As circunstâncias e as pessoas

As circunstâncias não fazem as pessoas, apenas as revelam. 

Embora a nossa tendência dramática nos leve logo para coisas "más" (e vamos convir, vai ser o foco deste texto, por isso a vossa tedência estava certa), mas também costuma ter reviravoltas positivas.

Quando alguém nos surpreende (ou vai surpreendendo) com uma atitude que choca, diferente do que estariamos à espera, quer seja por questões de valores diferentes, por ser sui generis, por estar fora do enquandrameto que esperamos de determinada pessoa, há, muitas vezes, a tendência para arranjar desculpas para o que aconteceu (por norma, quando são pessoas de quem gostamos muito). 

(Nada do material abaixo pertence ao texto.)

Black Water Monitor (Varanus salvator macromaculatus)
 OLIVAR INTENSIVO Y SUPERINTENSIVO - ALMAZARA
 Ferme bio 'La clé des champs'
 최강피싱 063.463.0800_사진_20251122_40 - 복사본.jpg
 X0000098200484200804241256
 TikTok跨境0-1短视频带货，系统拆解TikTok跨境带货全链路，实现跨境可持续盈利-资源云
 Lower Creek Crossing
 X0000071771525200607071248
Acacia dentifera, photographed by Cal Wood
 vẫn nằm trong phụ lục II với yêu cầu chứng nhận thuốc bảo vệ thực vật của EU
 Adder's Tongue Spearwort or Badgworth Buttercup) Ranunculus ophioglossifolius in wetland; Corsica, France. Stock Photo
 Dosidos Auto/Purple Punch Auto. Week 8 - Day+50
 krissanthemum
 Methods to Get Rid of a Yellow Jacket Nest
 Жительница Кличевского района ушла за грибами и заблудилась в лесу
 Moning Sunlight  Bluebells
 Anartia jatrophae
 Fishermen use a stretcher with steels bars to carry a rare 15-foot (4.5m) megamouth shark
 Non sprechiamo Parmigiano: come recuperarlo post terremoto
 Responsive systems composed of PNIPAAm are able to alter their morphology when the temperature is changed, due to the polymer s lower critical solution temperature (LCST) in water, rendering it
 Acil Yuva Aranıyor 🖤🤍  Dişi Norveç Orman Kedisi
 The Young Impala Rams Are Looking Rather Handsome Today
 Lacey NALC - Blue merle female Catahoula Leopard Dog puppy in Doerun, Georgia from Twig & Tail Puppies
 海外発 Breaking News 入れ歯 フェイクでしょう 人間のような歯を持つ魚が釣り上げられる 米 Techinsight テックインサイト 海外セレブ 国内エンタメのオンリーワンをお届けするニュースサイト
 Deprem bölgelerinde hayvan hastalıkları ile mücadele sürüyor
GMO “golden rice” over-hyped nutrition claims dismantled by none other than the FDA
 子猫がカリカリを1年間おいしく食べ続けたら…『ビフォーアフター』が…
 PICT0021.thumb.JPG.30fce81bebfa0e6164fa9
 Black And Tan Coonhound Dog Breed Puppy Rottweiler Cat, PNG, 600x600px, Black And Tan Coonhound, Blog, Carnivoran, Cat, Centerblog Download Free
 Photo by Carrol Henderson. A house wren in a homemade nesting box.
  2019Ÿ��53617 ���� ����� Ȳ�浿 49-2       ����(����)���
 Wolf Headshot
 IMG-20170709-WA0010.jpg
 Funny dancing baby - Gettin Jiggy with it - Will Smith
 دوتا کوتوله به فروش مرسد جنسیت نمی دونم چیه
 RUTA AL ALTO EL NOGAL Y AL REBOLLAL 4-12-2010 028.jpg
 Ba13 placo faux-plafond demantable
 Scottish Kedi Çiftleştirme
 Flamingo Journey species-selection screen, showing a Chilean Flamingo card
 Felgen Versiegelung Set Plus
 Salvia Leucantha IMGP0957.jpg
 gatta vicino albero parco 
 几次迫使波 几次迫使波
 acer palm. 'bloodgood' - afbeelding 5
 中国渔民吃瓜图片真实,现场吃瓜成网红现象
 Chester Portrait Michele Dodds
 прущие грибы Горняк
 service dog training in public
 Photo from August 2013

O não julgamento é algo que não sabemos usar. Julgamos e vamos julgando ao longo do nosso dia tudo e todos. Normalmente fazemo-lo com base nos estereótipos que fomos criando e que nos vão ajudando a catalogar e organizar o mundo. Quando as emoções entram à mistura, tendemos a perder a capacidade de discernir e de estar presente. Como a nossa realidade (ou nossa criação de realidade) foi ameaçada, arranjamos desculpas para comportamentos que (em alguns casos, mais fortemente que outros) não devemos tolerar. Não porque sejam certos ou errados, mas porque simplesmente não são o que queremos para nós. E para quê aceitar ou tolerar, ou contentarmo-nos com menos do que queremos?